Review Summary: Life distilled in music form.
You can always tell when an artist has been making music from a very young age. They're not necessarily more technical or ambitious, instead there's often a uniquely effortless aspect to the music they make. Tracks progress fluidly, showing no drop in form or immediate transitions to put a dent in the immersion. Everything, you could say, is in its right place. Having experimented with electronic music as far back as age 8, Secede
is one such artist. His debut full-length, Bye Bye Gridlock Traffic
, acts as a release valve for all the pent-up expression he'd been holding onto until that point and, as a result, is one of the most vibrant and colourful albums anyone could hope for.
In addition, one could use this to argue that Bye Bye Gridlock Traffic
comes off as quite childish. Not in its execution but rather in its adolescent mixture of gloomy ambiance and giddy, electronic happiness, with the evident creativity that seldom few adults possess. For instance, the title track's energetic, dynamic nature eventually succumbs to the confined, glitch-ridden atmosphere in Say I Said So
. This effect is only built upon by the warmth emanating from the album, adding a distinctly human element. Considering that his childhood revolved around electronic music it's unsurprising, though in no way unremarkable, that this is the case.

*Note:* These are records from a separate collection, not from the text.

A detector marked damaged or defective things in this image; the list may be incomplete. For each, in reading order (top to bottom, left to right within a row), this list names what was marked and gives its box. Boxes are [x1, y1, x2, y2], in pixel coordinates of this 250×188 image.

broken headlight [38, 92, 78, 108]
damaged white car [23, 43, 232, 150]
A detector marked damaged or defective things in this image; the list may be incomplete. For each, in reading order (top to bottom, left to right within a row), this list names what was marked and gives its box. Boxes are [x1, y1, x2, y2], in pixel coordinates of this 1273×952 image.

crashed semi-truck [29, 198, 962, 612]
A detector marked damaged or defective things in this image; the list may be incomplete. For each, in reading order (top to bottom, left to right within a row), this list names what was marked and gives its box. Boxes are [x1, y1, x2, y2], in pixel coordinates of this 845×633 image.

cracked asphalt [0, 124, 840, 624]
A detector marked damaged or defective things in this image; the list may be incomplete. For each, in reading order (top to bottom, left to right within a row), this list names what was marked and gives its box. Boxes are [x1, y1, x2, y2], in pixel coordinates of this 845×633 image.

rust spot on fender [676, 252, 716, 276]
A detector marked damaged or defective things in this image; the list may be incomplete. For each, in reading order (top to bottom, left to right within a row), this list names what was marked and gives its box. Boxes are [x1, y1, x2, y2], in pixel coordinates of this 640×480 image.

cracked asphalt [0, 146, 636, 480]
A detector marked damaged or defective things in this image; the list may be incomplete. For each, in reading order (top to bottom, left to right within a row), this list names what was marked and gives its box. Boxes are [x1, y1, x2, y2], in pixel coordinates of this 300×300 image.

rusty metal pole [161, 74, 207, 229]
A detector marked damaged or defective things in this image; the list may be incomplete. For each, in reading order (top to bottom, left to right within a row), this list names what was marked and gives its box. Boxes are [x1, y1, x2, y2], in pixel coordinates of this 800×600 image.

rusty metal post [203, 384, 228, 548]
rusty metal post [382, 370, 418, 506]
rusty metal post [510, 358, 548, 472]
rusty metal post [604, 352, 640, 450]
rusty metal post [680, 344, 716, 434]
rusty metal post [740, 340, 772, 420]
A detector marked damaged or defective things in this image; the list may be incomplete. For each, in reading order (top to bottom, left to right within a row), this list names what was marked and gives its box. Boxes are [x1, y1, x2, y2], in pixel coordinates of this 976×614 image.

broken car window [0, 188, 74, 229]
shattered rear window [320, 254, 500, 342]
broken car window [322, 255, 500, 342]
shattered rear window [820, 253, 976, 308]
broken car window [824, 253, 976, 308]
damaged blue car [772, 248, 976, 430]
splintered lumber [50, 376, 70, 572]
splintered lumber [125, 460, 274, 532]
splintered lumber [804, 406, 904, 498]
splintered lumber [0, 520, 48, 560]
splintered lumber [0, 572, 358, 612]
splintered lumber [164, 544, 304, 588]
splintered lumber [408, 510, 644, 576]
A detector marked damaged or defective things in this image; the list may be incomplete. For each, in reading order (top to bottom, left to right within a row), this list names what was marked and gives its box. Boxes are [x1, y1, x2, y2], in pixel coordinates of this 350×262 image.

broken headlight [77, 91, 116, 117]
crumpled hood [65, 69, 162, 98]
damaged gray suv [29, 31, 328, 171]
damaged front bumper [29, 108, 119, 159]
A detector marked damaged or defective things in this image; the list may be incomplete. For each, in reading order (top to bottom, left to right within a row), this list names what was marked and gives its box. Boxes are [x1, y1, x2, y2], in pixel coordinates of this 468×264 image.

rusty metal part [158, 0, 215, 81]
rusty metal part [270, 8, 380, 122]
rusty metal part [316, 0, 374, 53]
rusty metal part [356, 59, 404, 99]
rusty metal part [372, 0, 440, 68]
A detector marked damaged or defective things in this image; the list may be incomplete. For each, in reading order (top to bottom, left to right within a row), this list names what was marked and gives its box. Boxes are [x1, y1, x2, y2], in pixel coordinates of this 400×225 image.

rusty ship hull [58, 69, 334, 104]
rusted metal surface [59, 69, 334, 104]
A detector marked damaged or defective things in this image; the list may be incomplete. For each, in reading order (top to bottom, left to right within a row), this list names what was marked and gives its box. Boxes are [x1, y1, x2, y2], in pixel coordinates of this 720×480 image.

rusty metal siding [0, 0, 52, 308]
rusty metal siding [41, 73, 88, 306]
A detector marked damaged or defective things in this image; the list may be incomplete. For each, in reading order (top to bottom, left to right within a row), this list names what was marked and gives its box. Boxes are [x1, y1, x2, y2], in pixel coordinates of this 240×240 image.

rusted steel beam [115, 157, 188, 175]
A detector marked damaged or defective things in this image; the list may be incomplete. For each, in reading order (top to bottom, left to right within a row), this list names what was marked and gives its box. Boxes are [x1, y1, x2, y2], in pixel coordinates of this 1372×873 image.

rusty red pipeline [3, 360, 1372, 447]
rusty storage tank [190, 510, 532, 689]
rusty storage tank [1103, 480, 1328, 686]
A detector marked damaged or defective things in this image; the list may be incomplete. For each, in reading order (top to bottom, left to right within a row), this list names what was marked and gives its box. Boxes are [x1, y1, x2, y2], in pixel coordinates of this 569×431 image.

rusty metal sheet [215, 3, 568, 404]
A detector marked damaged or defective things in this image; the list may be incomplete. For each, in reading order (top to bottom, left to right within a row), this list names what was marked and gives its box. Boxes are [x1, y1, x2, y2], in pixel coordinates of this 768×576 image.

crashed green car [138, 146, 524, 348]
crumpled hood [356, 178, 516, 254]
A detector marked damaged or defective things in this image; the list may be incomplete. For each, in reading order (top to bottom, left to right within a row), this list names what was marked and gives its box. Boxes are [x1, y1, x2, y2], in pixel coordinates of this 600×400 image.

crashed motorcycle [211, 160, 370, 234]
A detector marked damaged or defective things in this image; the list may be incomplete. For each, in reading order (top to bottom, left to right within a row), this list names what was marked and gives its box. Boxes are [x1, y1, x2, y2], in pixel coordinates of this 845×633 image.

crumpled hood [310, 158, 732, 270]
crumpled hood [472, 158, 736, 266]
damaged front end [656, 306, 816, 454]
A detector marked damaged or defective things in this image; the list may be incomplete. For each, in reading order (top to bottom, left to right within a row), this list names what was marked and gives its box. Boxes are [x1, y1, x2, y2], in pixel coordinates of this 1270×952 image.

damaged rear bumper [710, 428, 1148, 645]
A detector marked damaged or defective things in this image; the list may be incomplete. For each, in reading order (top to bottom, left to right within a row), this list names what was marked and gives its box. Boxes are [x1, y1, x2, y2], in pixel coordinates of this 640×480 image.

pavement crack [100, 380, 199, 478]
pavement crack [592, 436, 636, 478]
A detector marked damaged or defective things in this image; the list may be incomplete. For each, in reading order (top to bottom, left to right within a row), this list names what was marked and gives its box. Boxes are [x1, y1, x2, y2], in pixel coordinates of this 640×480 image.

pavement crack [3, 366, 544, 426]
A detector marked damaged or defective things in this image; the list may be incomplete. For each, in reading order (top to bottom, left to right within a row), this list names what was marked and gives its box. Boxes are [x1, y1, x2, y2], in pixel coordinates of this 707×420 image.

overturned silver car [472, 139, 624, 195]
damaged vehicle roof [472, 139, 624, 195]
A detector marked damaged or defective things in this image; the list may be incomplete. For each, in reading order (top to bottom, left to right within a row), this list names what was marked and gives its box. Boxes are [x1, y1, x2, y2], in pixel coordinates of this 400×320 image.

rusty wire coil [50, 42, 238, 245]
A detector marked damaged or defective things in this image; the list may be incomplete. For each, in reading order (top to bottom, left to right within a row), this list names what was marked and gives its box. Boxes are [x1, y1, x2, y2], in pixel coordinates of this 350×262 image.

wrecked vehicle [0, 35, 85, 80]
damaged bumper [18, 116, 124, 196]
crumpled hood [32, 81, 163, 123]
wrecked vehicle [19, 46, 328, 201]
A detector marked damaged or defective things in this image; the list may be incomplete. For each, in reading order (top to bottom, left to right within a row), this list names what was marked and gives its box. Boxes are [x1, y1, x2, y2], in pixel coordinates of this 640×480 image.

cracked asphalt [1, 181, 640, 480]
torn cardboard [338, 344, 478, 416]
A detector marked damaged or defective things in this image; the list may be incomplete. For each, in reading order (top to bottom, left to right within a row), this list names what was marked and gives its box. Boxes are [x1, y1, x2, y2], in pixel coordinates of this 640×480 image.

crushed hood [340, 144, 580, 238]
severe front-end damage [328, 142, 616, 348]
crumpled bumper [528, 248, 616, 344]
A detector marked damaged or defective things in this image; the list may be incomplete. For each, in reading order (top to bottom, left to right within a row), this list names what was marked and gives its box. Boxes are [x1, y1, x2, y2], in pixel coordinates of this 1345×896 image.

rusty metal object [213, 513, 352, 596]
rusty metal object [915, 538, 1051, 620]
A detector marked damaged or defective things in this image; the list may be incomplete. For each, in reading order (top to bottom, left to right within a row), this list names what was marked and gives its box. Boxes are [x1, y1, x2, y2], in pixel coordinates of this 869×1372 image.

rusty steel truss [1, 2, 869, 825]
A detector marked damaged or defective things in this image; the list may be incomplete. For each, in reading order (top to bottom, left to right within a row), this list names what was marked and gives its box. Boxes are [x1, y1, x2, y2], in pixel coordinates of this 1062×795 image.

While the labels of "childlike" and "human" may invoke comparisons to similarly described musically-unsure artists and groups, the sleight of hand evident in Bye Bye Gridlock Traffic
puts these to rest. At multiple points in the album, Secede demonstrates his ability to drastically alter the dynamics of a track by simply changing one seemingly unimportant thing in the background. This is best shown in Depart & Arrive
, where the addition of only a few well-placed drum beats per bar transforms a slow, atmospheric march into something much more insistent and progressive. This musical dexterity, with the ability to incorporate new styles and influences without detracting from a track's sense of flow, is just one of the things which makes listening to Bye Bye Gridlock Traffic
Another is the sheer scope of the album: soundbites from Star Treck
to Back to the Future
become distorted and borderline disturbing in the context of the music behind them. Greetings Twinsunian
sees clean strings and woodwinds playing off against record-scratching and Big Day Out
personifies the ultimate, macabre horror-movie soundtrack in it's oppressive, yet innocent, nature. The full spectrum from fast-paced, multi-layered spurts to drawn out, dark-ambient epics is on display. Somehow maintaining a collective atmosphere while exploring contrasting methods.
Bye Bye Gridlock Traffic
may not match the strong direction of Secede's
more recent work, but as such a pure form of artistic expression it doesn't need to. It could even be said that the album is more powerful for it. Rarely will you glimpse this level of creativity and, at the same time, one that feels so distinctly human.